■ **Description of the task**: The answer is an exact repeat of the entries below, with the pictures omitted.
--- Data provided Enclosed Below ---
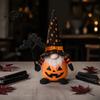 Creepy Gothic Style Ornaments Halloween Plush Gnome Decoration, Spooky Orange Black Spider Web Bat Swedish Faceless Dolls Tomte Elf Figurine,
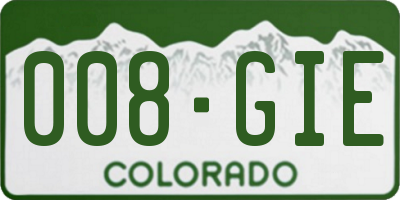 CO license plate 008GIE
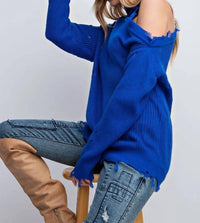 Easel - Lauren Cold Shoulder Distressed Sweater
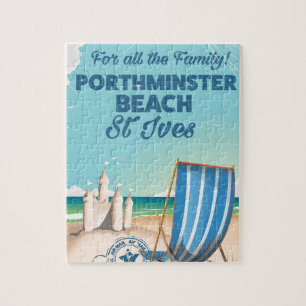 Porthminster Beach St Ives vintage resor poster Pussel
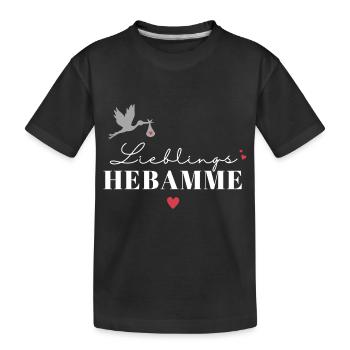 Liebelingshebamme / Weltbeste Hebamme - Kinder Premium Bio T-Shirt - Schwarz - Vorne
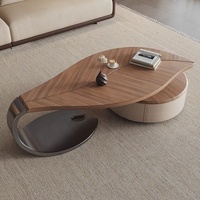 Mesa de Centro de Madera de Nogal de Lujo Ligero, Diseño Creativo con Forma de Hoja, con Almacenamiento, Mueble Moderno para el Hogar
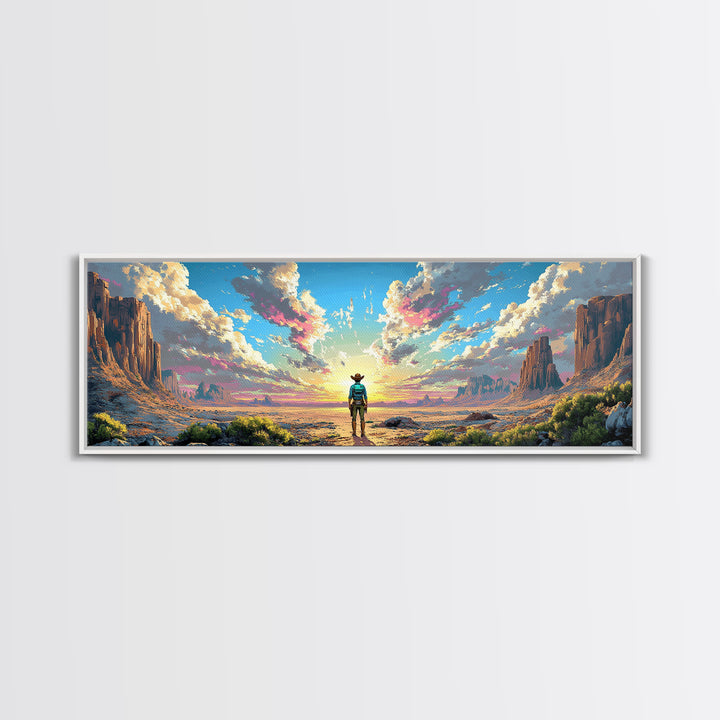 Cowboy Desert Mesa Wall Art, Vast Western Sunrise Landscape, Panoramic Canvas Print, Rustic Home Decor For Living Room Art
--- End of Enclosed Data provided ---
■ **Written reply**:
 Creepy Gothic Style Ornaments Halloween Plush Gnome Decoration, Spooky Orange Black Spider Web Bat Swedish Faceless Dolls Tomte Elf Figurine,
 CO license plate 008GIE
 Easel - Lauren Cold Shoulder Distressed Sweater
 Porthminster Beach St Ives vintage resor poster Pussel
 Liebelingshebamme / Weltbeste Hebamme - Kinder Premium Bio T-Shirt - Schwarz - Vorne
 Mesa de Centro de Madera de Nogal de Lujo Ligero, Diseño Creativo con Forma de Hoja, con Almacenamiento, Mueble Moderno para el Hogar
 Cowboy Desert Mesa Wall Art, Vast Western Sunrise Landscape, Panoramic Canvas Print, Rustic Home Decor For Living Room Art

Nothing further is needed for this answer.